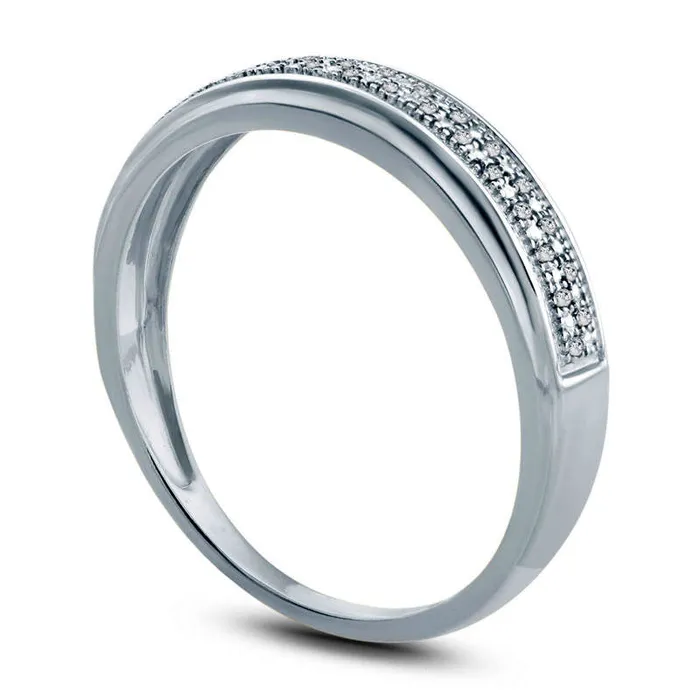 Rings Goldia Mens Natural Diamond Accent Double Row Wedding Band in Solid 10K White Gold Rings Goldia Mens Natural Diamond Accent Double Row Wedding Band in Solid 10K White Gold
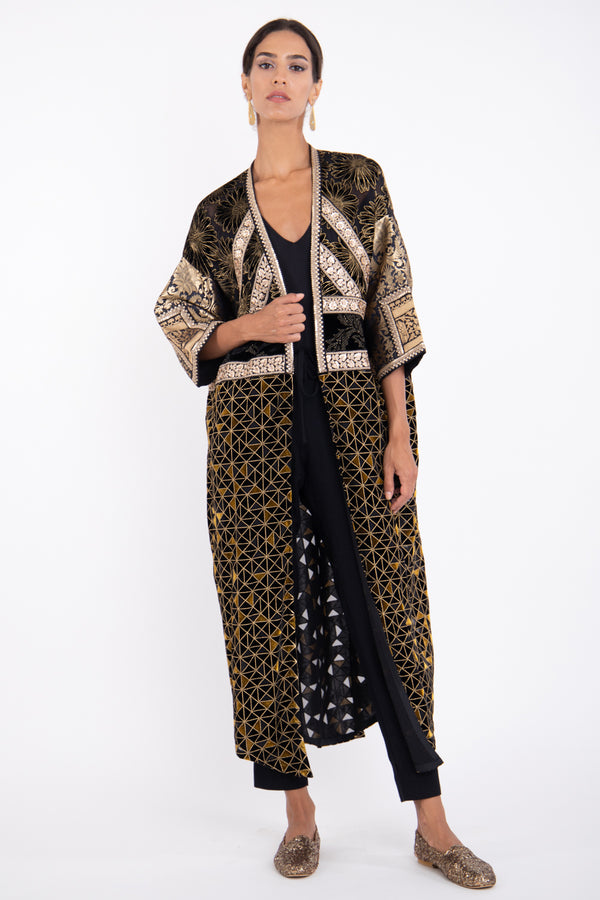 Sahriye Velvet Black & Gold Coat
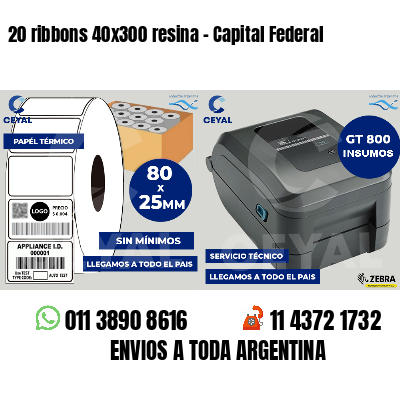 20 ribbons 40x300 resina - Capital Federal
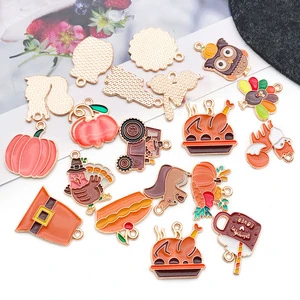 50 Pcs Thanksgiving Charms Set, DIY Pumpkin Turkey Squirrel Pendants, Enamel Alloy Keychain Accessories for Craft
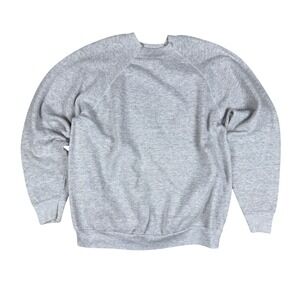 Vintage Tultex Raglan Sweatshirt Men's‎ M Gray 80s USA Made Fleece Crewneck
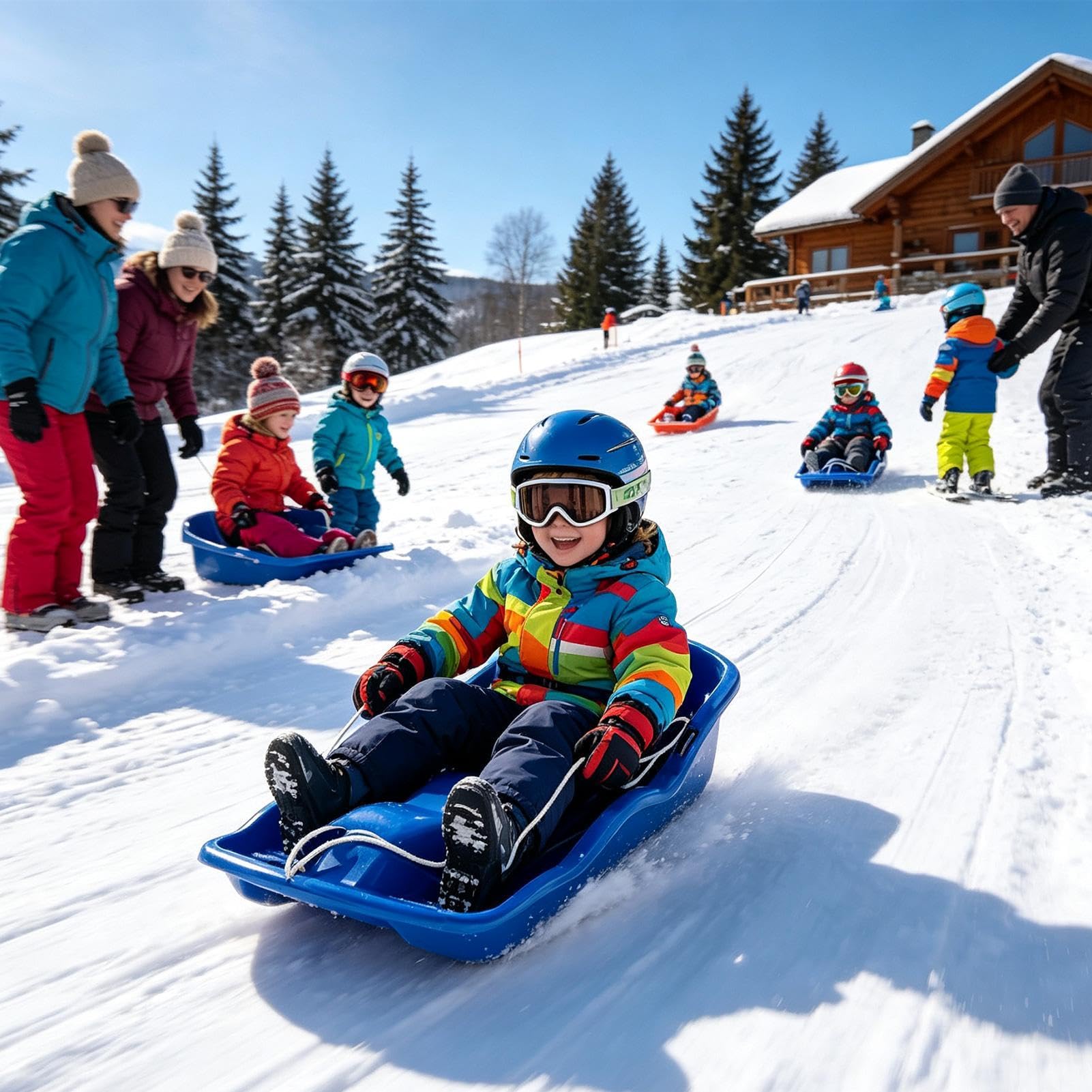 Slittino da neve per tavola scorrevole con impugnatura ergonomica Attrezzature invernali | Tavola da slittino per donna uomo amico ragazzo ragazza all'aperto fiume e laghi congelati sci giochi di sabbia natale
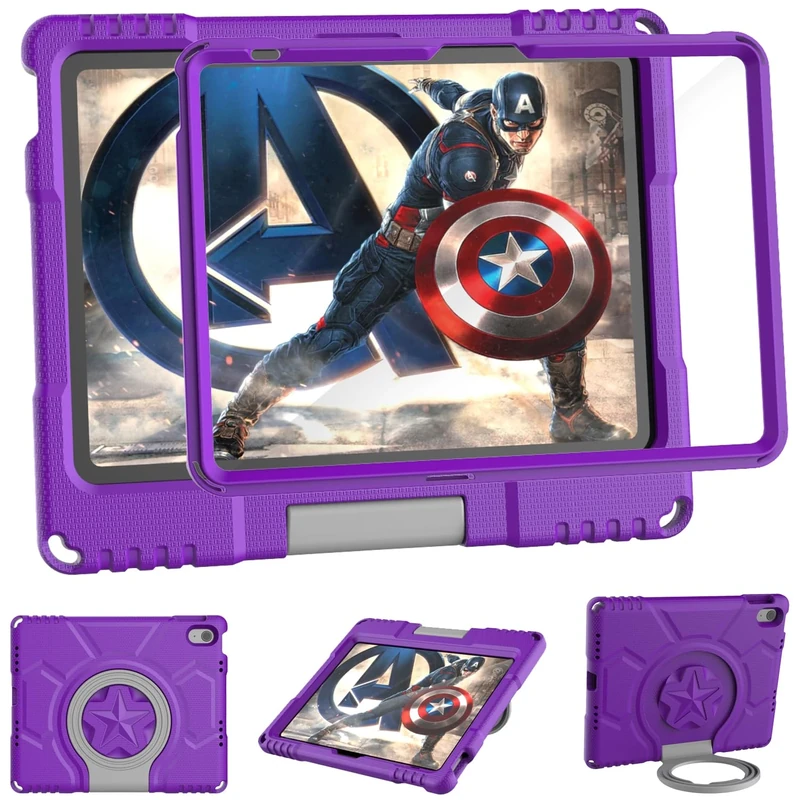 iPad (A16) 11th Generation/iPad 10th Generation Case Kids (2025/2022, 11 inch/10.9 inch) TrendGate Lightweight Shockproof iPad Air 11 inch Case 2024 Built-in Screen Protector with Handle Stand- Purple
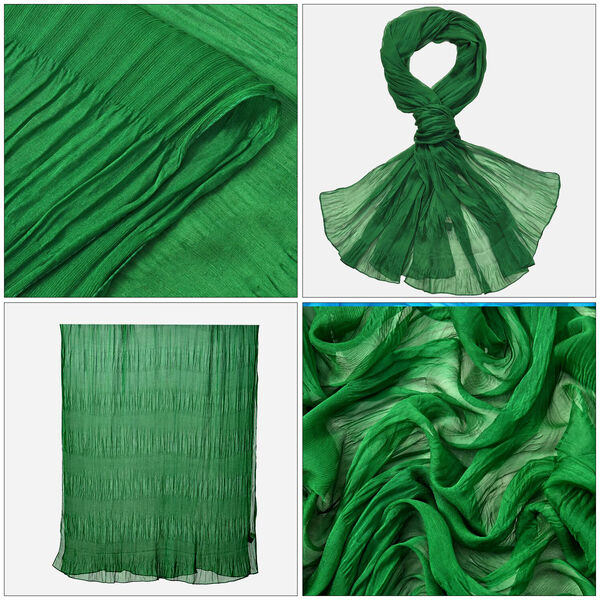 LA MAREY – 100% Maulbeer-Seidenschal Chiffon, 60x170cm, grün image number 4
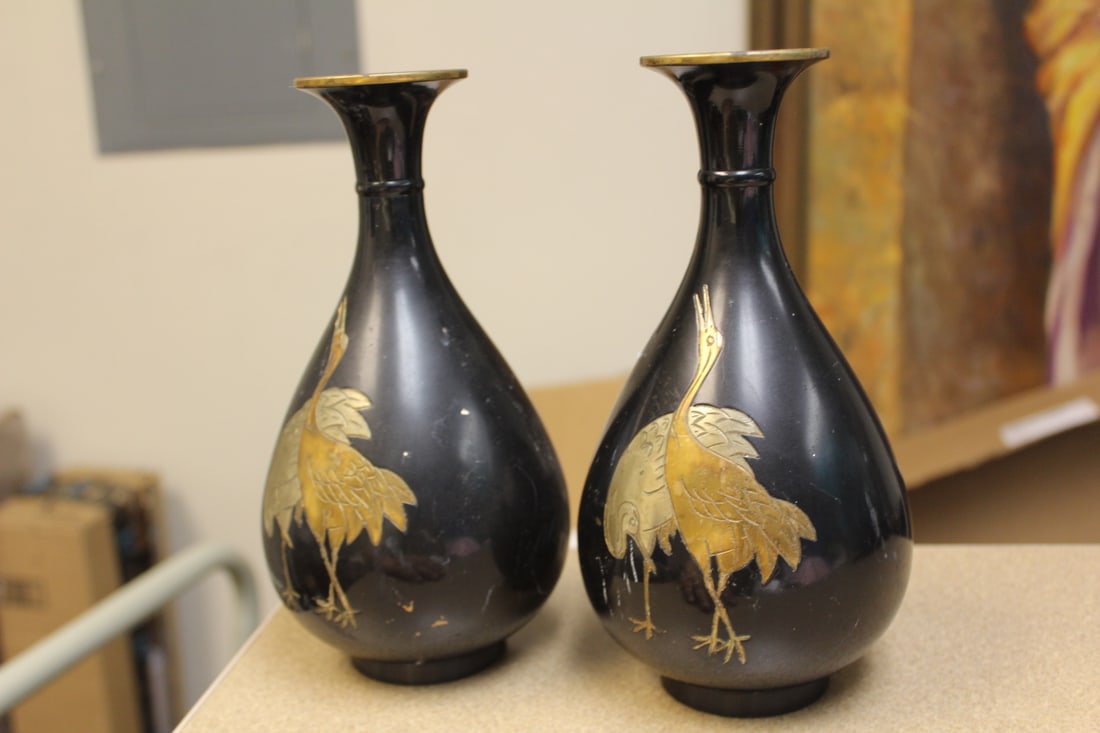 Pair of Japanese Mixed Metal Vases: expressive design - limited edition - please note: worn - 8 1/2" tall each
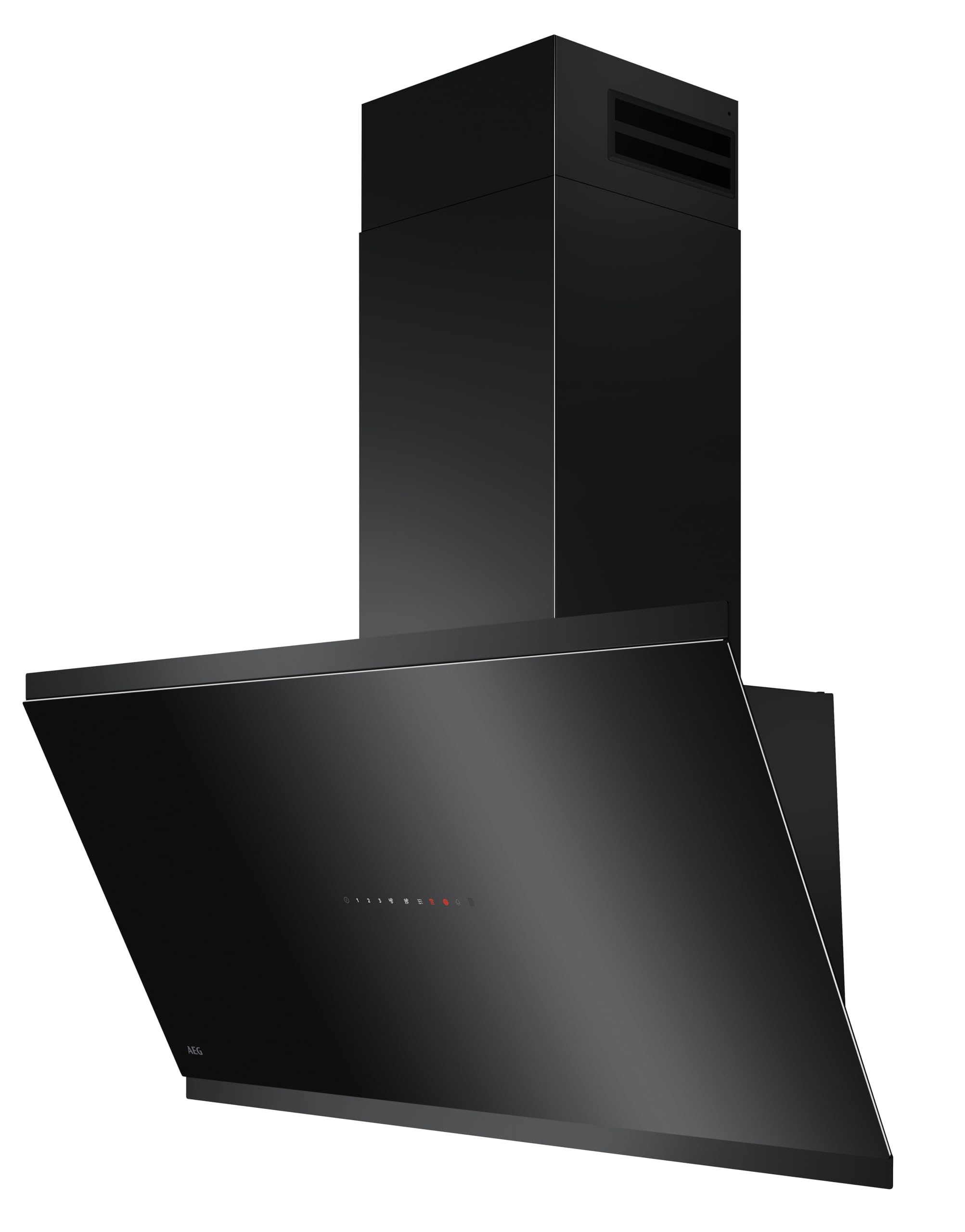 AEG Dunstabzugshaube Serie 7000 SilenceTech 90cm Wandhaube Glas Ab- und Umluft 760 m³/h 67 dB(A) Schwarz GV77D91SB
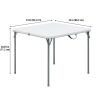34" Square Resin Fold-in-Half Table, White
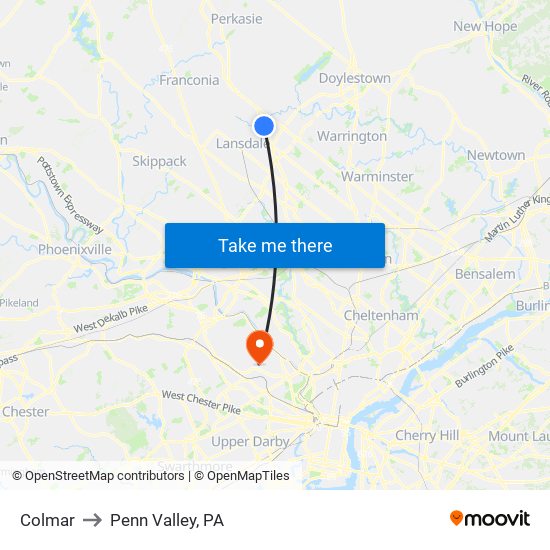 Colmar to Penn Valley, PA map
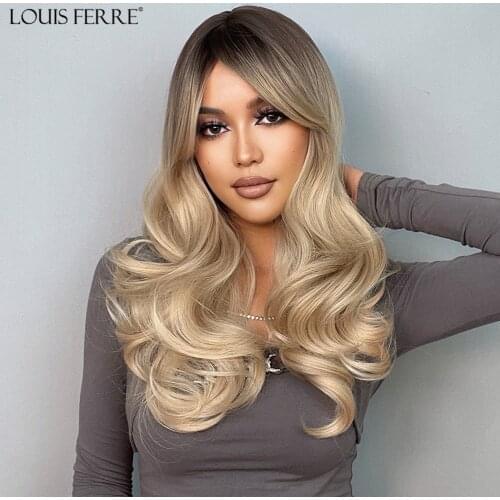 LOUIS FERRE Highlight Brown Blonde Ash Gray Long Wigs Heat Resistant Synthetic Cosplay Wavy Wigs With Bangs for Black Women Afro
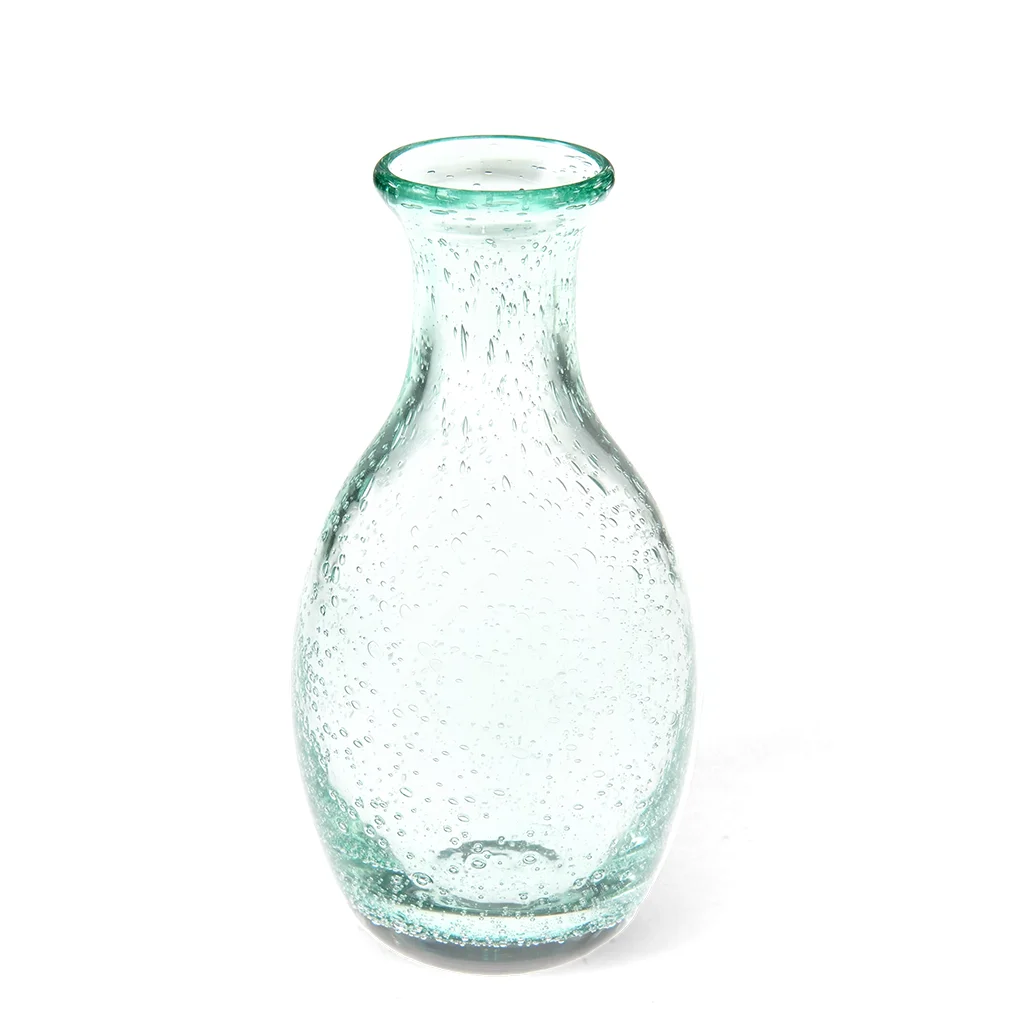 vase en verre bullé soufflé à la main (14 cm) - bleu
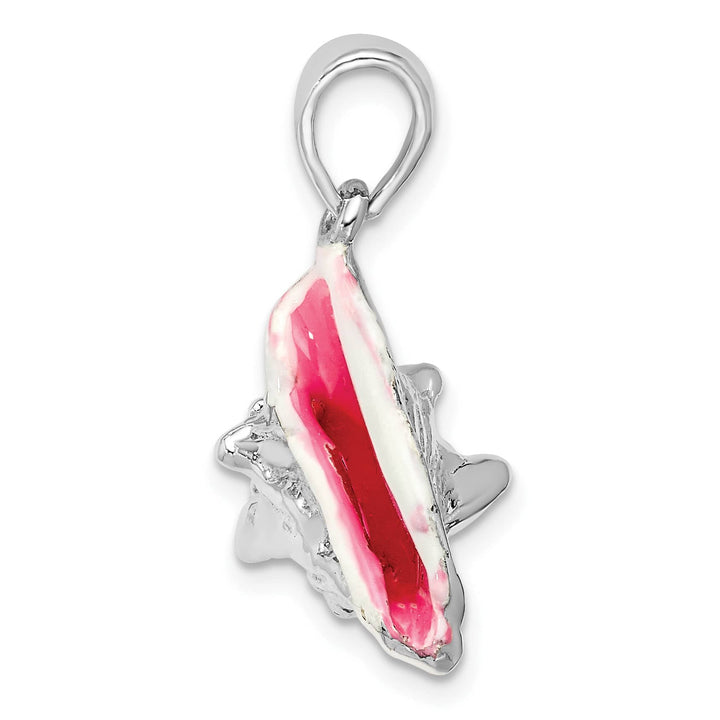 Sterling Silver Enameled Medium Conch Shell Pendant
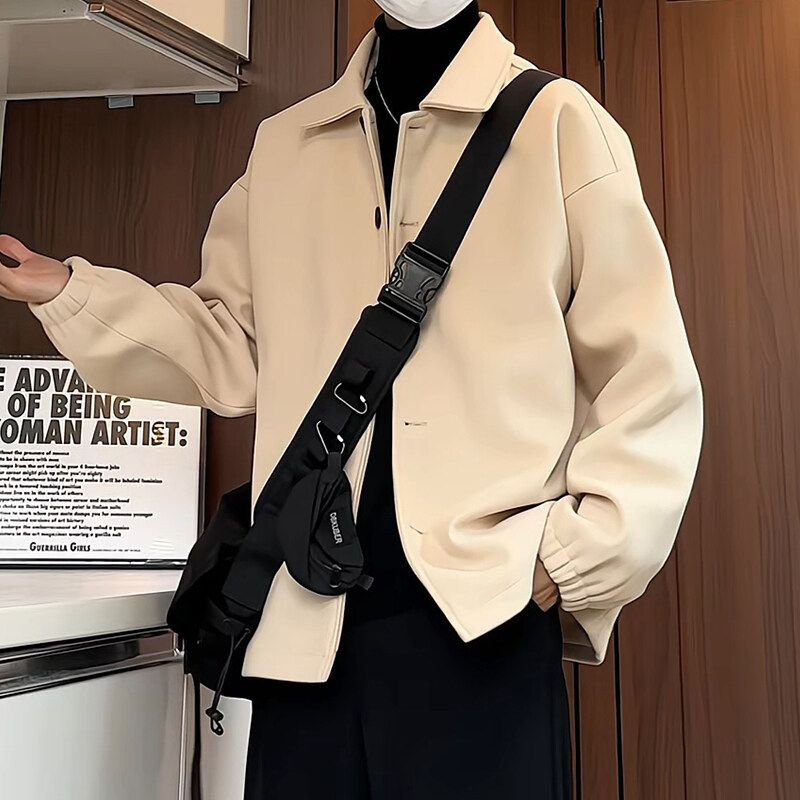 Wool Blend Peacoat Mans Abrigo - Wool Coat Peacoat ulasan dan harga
☆ ☆ ☆ ☆ ☆
* _WHAT THE EXERCISE ASKS_: Could the stretch from the line with "50 Pcs Thanksgiving" through the line with "LA MAREY – 100%" in the listing above be restated word for word, minus the pictures?

* _RESPONSE FOR THIS EXERCISE_:
 50 Pcs Thanksgiving Charms Set, DIY Pumpkin Turkey Squirrel Pendants, Enamel Alloy Keychain Accessories for Craft
 Vintage Tultex Raglan Sweatshirt Men's‎ M Gray 80s USA Made Fleece Crewneck
 Slittino da neve per tavola scorrevole con impugnatura ergonomica Attrezzature invernali | Tavola da slittino per donna uomo amico ragazzo ragazza all'aperto fiume e laghi congelati sci giochi di sabbia natale
 iPad (A16) 11th Generation/iPad 10th Generation Case Kids (2025/2022, 11 inch/10.9 inch) TrendGate Lightweight Shockproof iPad Air 11 inch Case 2024 Built-in Screen Protector with Handle Stand- Purple
 LA MAREY – 100% Maulbeer-Seidenschal Chiffon, 60x170cm, grün image number 4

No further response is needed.